* Captioned web image data
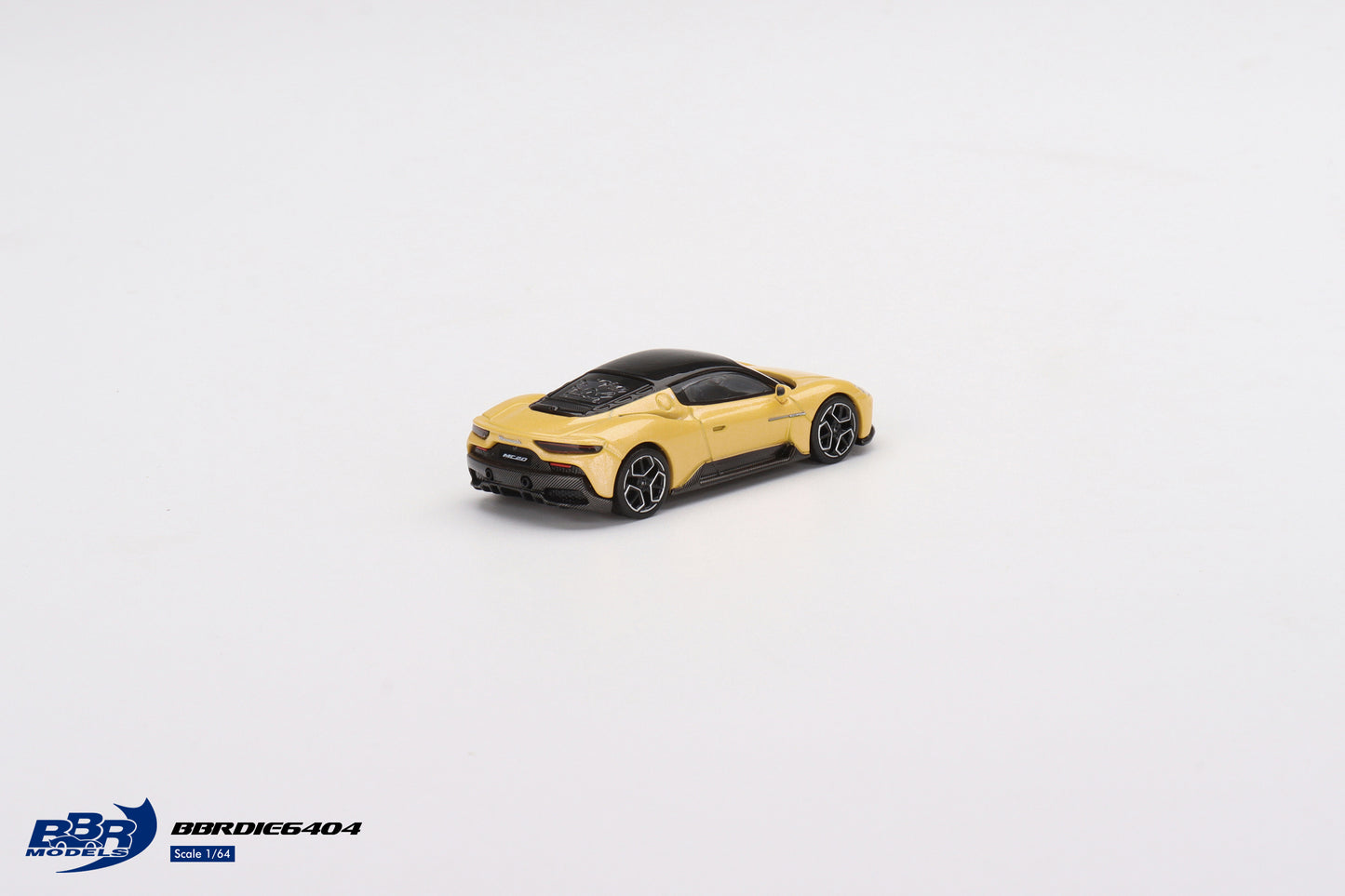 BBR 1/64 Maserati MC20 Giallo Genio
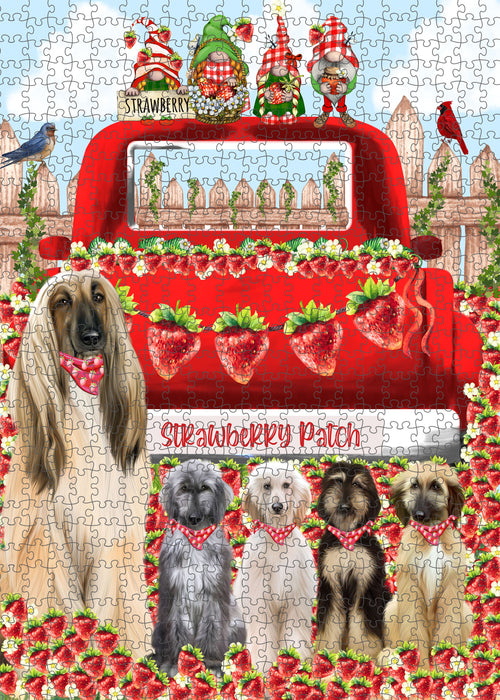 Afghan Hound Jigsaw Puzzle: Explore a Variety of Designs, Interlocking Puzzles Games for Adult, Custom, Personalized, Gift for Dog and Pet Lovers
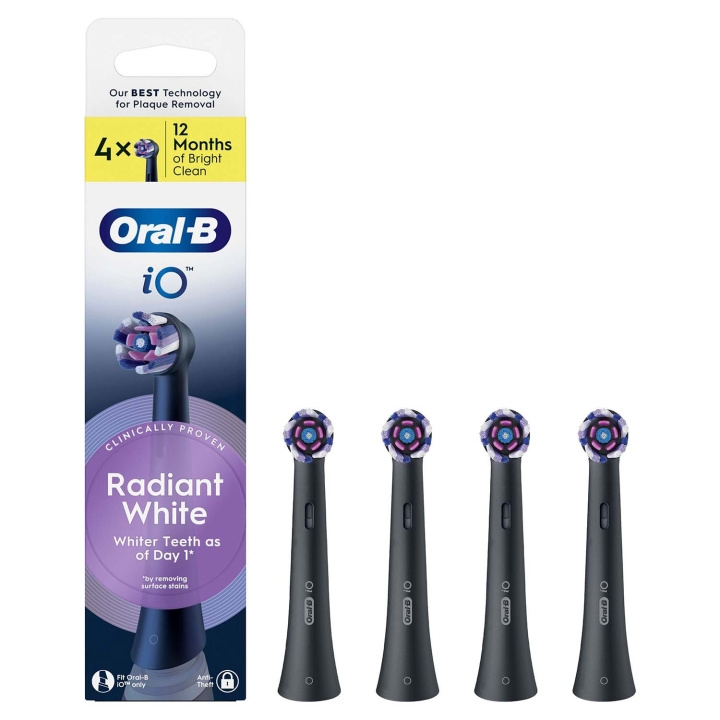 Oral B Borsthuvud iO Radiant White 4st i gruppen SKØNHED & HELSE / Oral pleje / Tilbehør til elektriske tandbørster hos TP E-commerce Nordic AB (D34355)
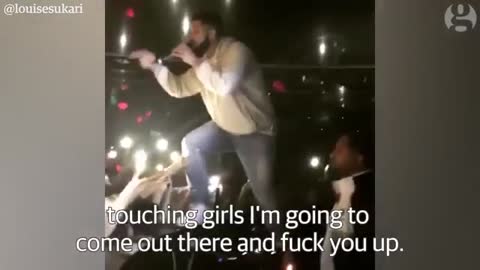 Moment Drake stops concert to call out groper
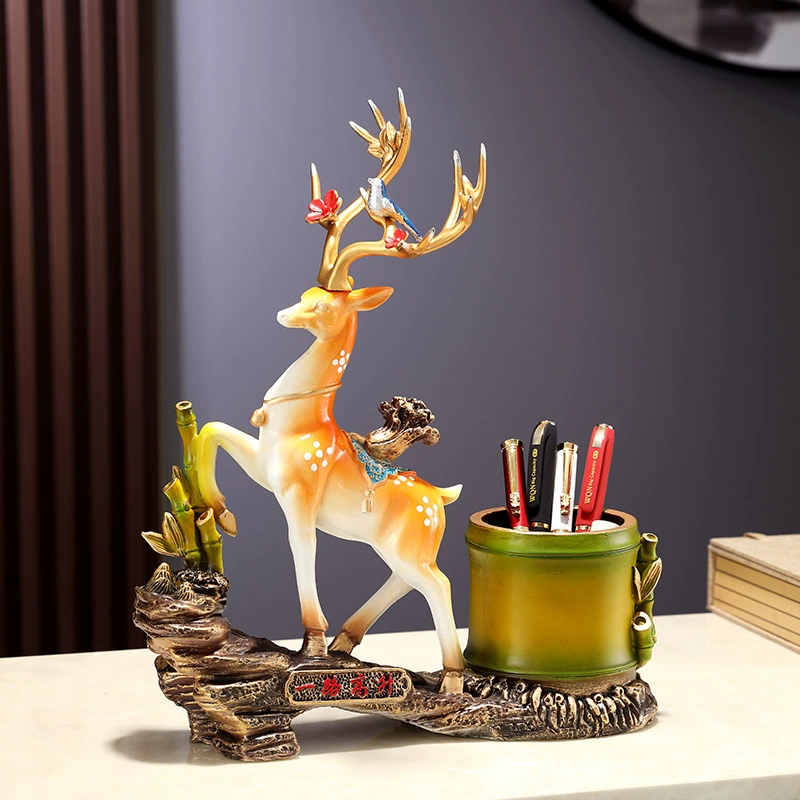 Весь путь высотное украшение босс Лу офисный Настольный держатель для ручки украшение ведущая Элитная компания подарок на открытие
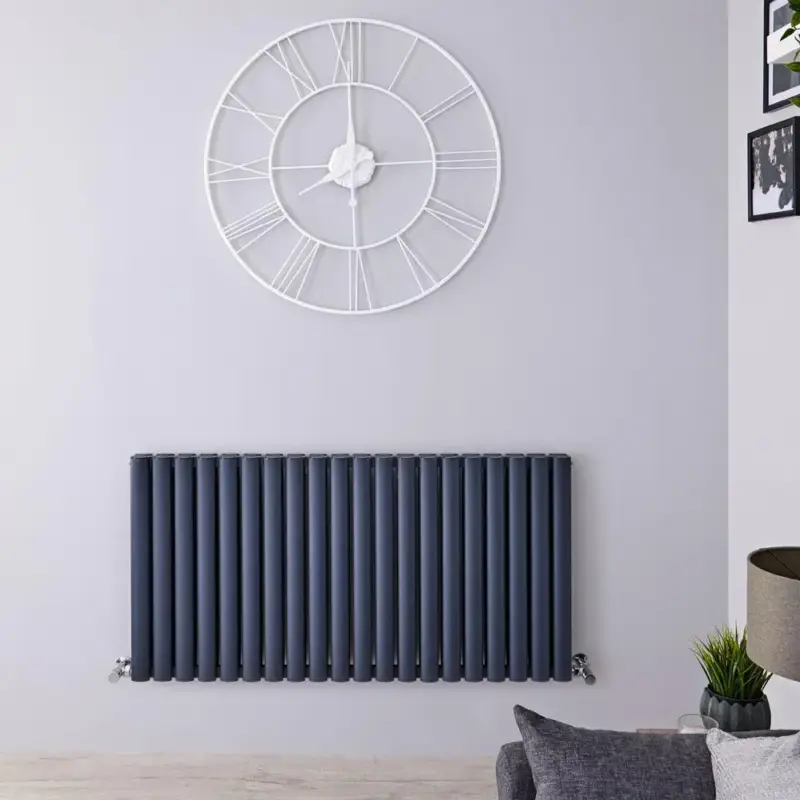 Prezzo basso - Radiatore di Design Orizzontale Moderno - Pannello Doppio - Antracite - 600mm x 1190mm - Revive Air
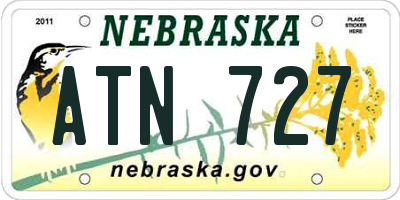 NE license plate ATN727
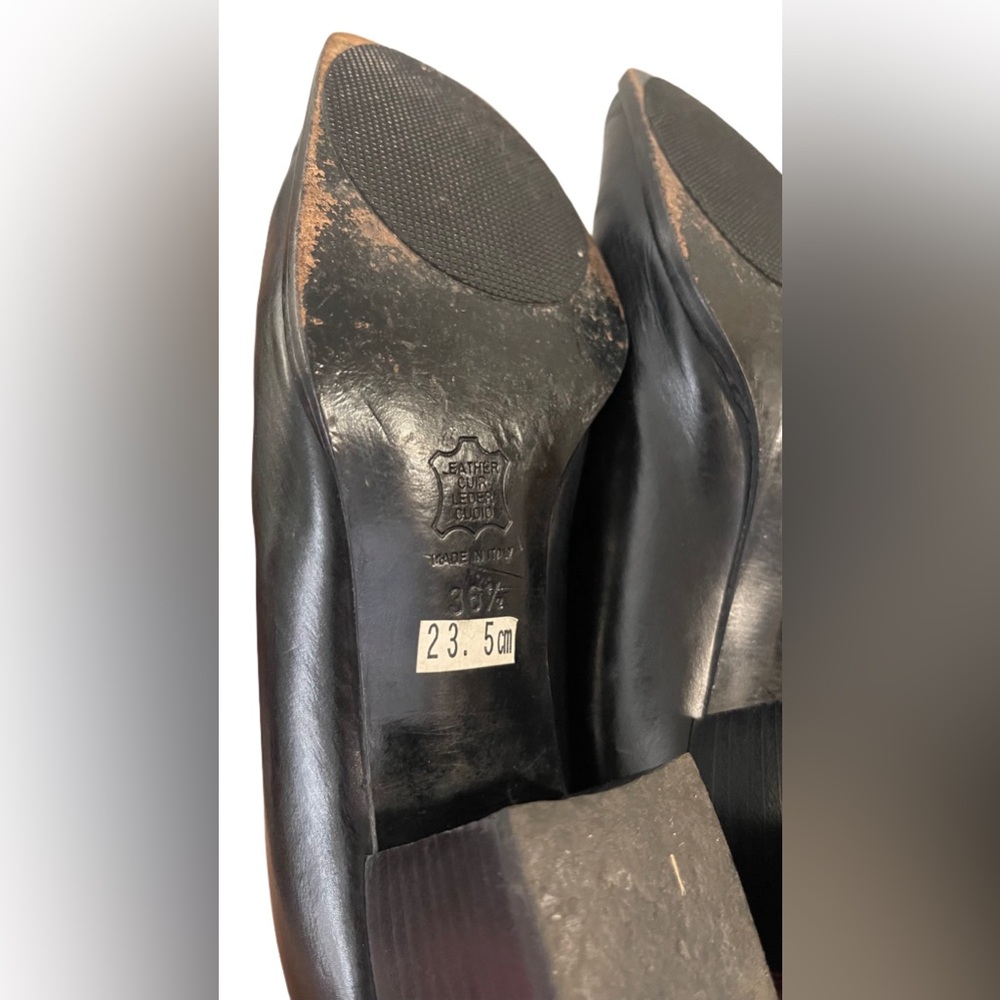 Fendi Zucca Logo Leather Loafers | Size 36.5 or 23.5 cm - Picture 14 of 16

* YOUR TASK
Copy out the lines above unchanged. Skip the images.

* RESPONSE TO THE TASK
 BBR 1/64 Maserati MC20 Giallo Genio
 Afghan Hound Jigsaw Puzzle: Explore a Variety of Designs, Interlocking Puzzles Games for Adult, Custom, Personalized, Gift for Dog and Pet Lovers
 Oral B Borsthuvud iO Radiant White 4st i gruppen SKØNHED & HELSE / Oral pleje / Tilbehør til elektriske tandbørster hos TP E-commerce Nordic AB (D34355)
 Moment Drake stops concert to call out groper
 Весь путь высотное украшение босс Лу офисный Настольный держатель для ручки украшение ведущая Элитная компания подарок на открытие
 Prezzo basso - Radiatore di Design Orizzontale Moderno - Pannello Doppio - Antracite - 600mm x 1190mm - Revive Air
 NE license plate ATN727
 Fendi Zucca Logo Leather Loafers | Size 36.5 or 23.5 cm - Picture 14 of 16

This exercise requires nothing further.